Il s'est éteint chez lui dans l'Etat de New York des suites d'une pneumonie, selon le quotidien américain. Exposé des grands musées américains au désert du Qatar, Richard Serra a livré des oeuvres massives, arrondies, à l'aspect pourtant minimaliste, poussant la réflexion sur l'espace et l'environnement.
Pour l'artiste, la forme de l'oeuvre est déterminée par la matière et le lieu de son exposition, dont elle modifie la perception. Dans la nef du Grand Palais à Paris, il installe en 2008 pour l'exposition "Monumenta" de gigantesques plaques anguleuses à l'inclinaison inquiétante. Au musée Guggenheim de Bilbao, ce sont huit oeuvres tout en courbes et spirales ocres qui enveloppent le visiteur.
"Quand on voit mes pièces, on ne retient pas un objet. On retient une expérience, un passage. Faire l'expérience d'une de mes pièces, c'est éprouver une notion du temps, du lieu et y réagir. Ce n'est pas se souvenir d'un objet parce qu'il n'y a pas d'objet à retenir", expliquait-il en 2004.
"One ton prop (House of cards)", son oeuvre fondatrice
Né à San Francisco d'une mère d'origine juive russe et d'un père espagnol, il se forme à Paris puis s'installe dans les années 1960 dans un New York en plein bouillonnement artistique.
Pour survivre, il monte une entreprise d'enlèvement de meubles, dans laquelle il emploie notamment le compositeur Philip Glass, devenu son assistant. En 1967-1968, il publie son manifeste: une liste de 84 verbes ("enrouler", "appuyer", "couper", "plier"...) et 24 éléments de contexte ("gravité", "entropie", "nature"...) qui recense tous les processus à sa disposition pour la réalisation d'une oeuvre.
Pour ses premiers travaux, il utilise le caoutchouc, la fibre de verre, le latex et le néon, puis projette du plomb en fusion entre murs et planchers ("Splash", 1968-70).
A la fin des années 1960, il réalise une oeuvre fondatrice "One ton prop (House of cards)", quatre plaques de plomb de 122x122 cm, maintenues en équilibre par leur propre poids, à la manière d'un château de cartes.
Installations en acier
A partir de la décennie suivante, Richard Serra privilégie les installations en plein air et l'acier Corten. Le choix du matériau n'a rien d'arbitraire. Il en connaît parfaitement les caractéristiques et les potentialités pour avoir travaillé dans une aciérie tous les étés depuis ses 16 ans.

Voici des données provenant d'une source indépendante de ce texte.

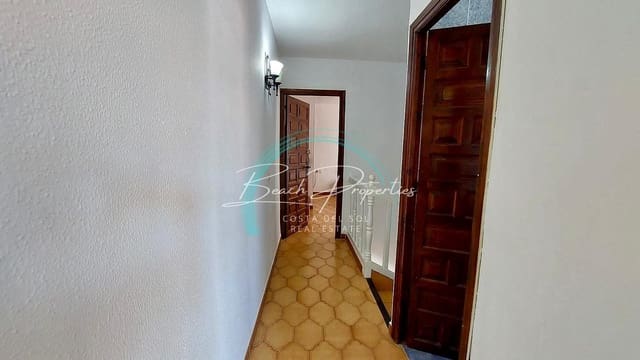 2 sovrum Villa till salu i Centro, Nerja med pool - 334 500 € (Ref: 8998665)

Les jeux d'équilibre, le poids de l'acier et la hauteur des plaques créent, pour le spectateur invité à circuler entre celles-ci, un sentiment d'insécurité, de petitesse ou de vertige. Une expérience déstabilisante, voire dérangeante.
En 1981, son oeuvre "Tilted Arc", gigantesque plaque de métal de 3,6 m de haut sur 36,6 m de long, installée en travers de la Federal Plaza de New York, gêna tellement les riverains qu'elle a dû être démontée au bout de huit ans, à la suite d'une longue bataille judiciaire. Et plus près de chez nous, à Bâle, comme le rappelle l'article du Bilan paru en juillet 2023, son oeuvre "Intersection II" fait débat depuis son installation en 1992.
Et l'une de ses récentes oeuvres, des tours sombres qui semblent sortir de terre dans le désert du Qatar, est isolée, accessible uniquement en 4x4 par des températures pouvant monter jusqu'à 50 degrés Celsius.